Com excepção de DANGEROUS ( um flirt com a musica de dança, com pozinhos de disco sound) Into Colour é um gloriosa colecção de baladas retro, com reminiscências dos universos de Burt Bacharach, The Carpenters ou Rita Coolidge, interpretadas com competente sobriedade. Ao décimo primeiro tema Rumer já se sente abençoada porque o amor vem a caminho. E, longe de ser uma ameaça, é um pretexto para o júbilo.

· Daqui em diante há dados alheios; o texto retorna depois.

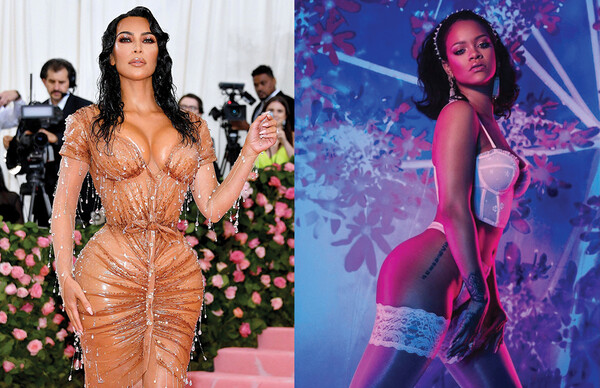 Are you a Kim or a Rihanna?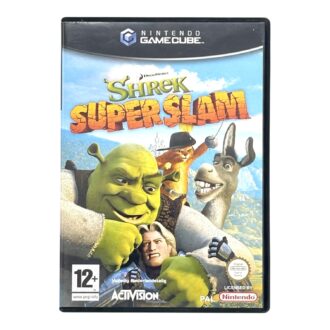 Shrek Super Slam CIB Gamecube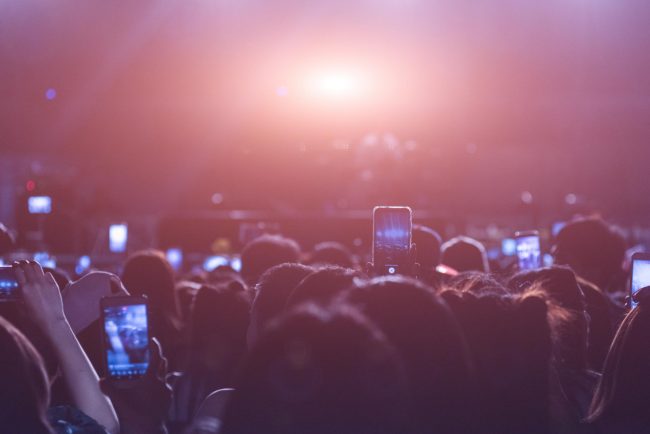 Shooting Night Events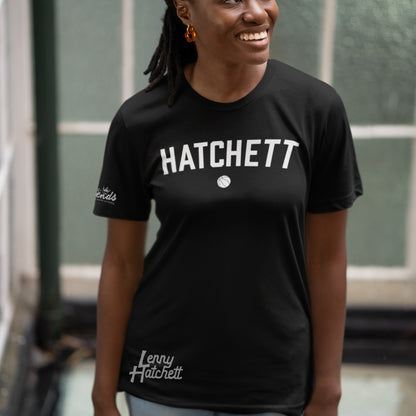 Lenny Hatchett Classic Soft Tee
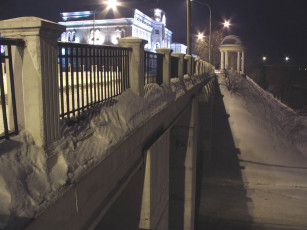 Картинка города мосты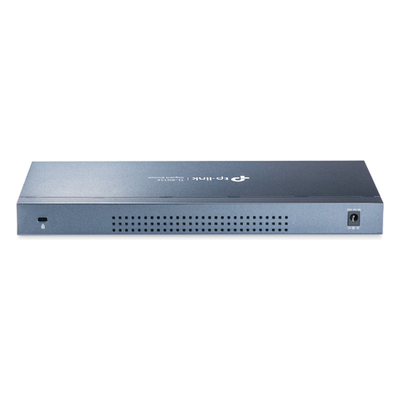 Switch / 16 Puertos Gigabit / 10/100/1000 Mbps / Fanless / Escritorio o Pared | SIERRA STORE
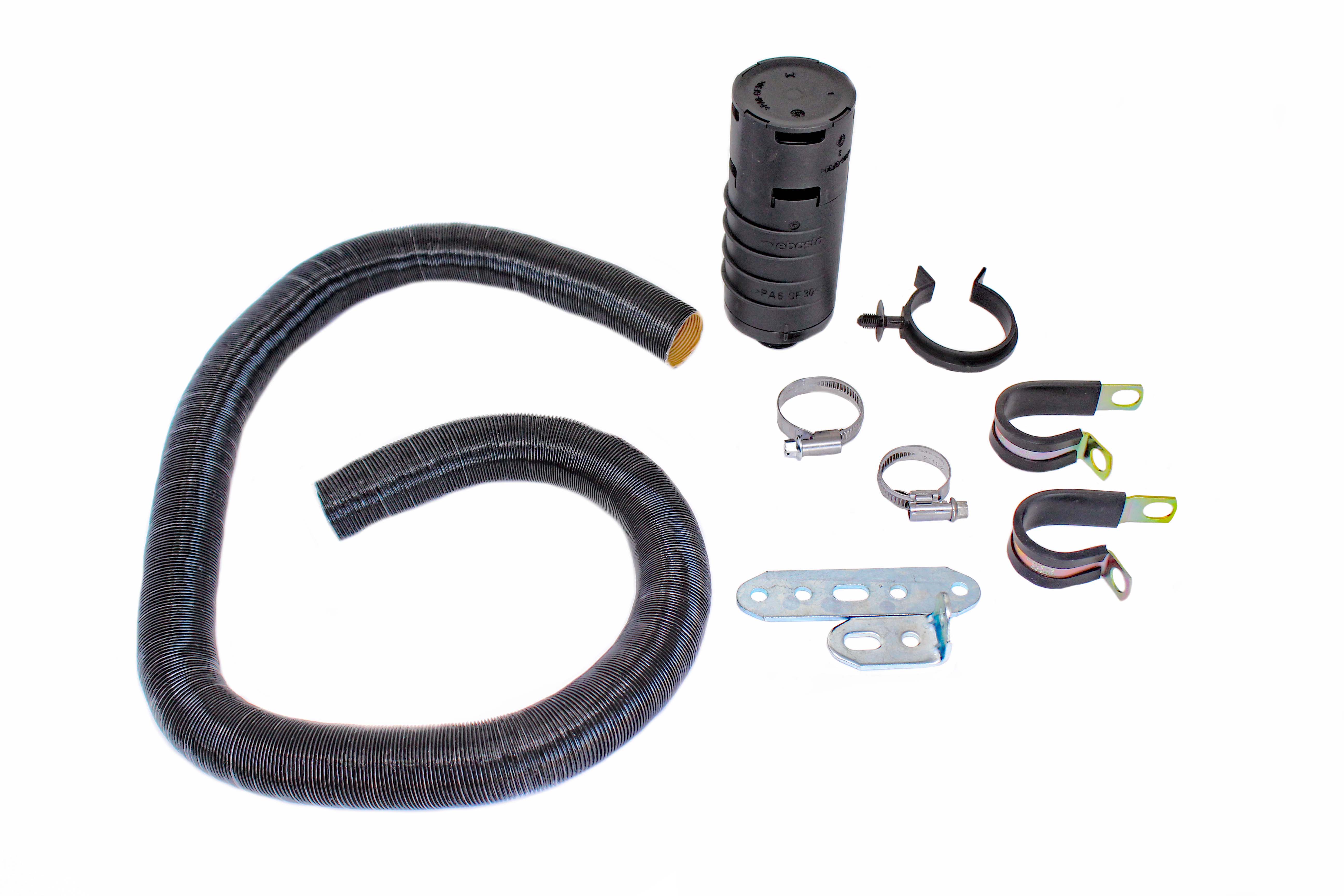 Van Life Webasto 4kW Gasoline Air Heater Kit for Promaster Sprinter 90-3-0019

O ambiente é pós-apocalíptico. Ruínas, detritos, destruição e abandono. Deslocam-se furtivos um rato, uma aranha, um lobo. Uma mulher determinada a sobreviver encontra um suplemento de força nas fotografias dos objectos do seu afecto presumivelmente desaparecidos. Descarrega a raiva a golpes de taco de golfe e frustrada abandona o telefone preso pelo fio. Pelo fio da sua raiva. Um homem observa-a pela mira da sua arma. Serão duas almas perdidas numa cidade-fantasma até se encontrarem para um tango heterodoxo, porque “num mundo reduzido a pó, o que sobra é o amor” e a maior das ameaças é a sua ausência. O soberbo vídeo de GHOSTTOWN tem realização de Jonas Akerlund e apresenta Terrence Howard a contracenar com Madonna.
Como devemos lidar com a ameaça do amor? Como uma inevitabilidade. Sempre que possível imunes a desmedidas expectativas ou a rancores ou amarguras persistentes. Passado o período de arrebatamento ou de “luto”, conforme as circunstâncias, regressemos ao business as usual. Como explicou o mestre Leonard Cohen, os foguetões subiram pelos céus, os livros sagrados foram abertos e examinados e os médicos trabalharam dia e noite, mas não há cura para o amor.